### [TASK BRIEF]
Starting from the line in which "CHAQUETON DE PIEL" appears, set down each line exactly through the end of the listing, and nothing else. Leave out pictures.

### [DATASET EXTRACT]

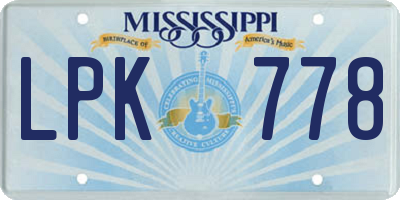 MS license plate LPK778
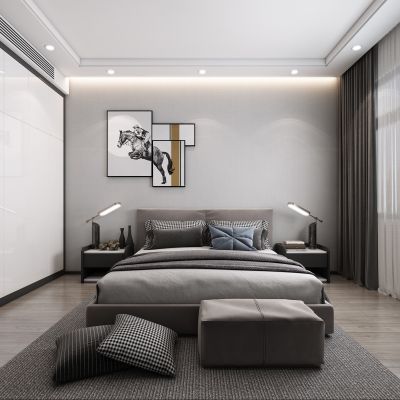 现代卧室，轻奢卧室，主卧，卧室，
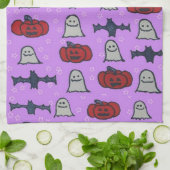 Paarse Halloween Fun Print Theedoek (Gevouwen)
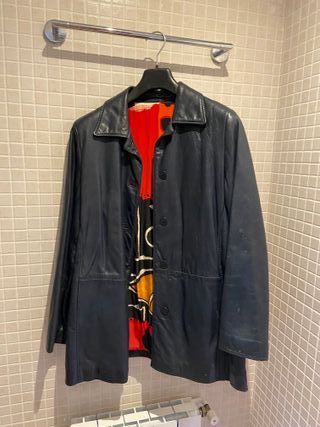 CHAQUETON DE PIEL NATURAL, MUJER, T. 42, AZUL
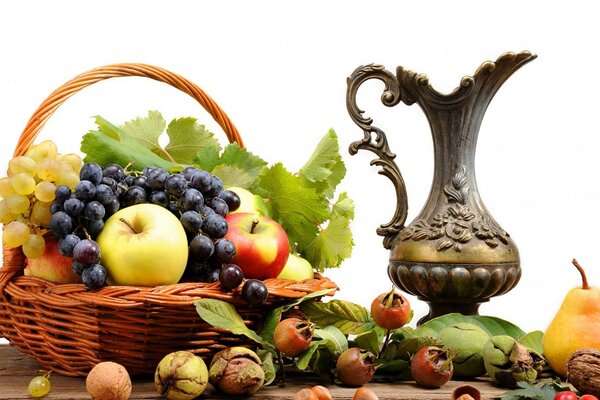 Still life of fruit and decanter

### [ANSWER BOX]
 CHAQUETON DE PIEL NATURAL, MUJER, T. 42, AZUL
 Still life of fruit and decanter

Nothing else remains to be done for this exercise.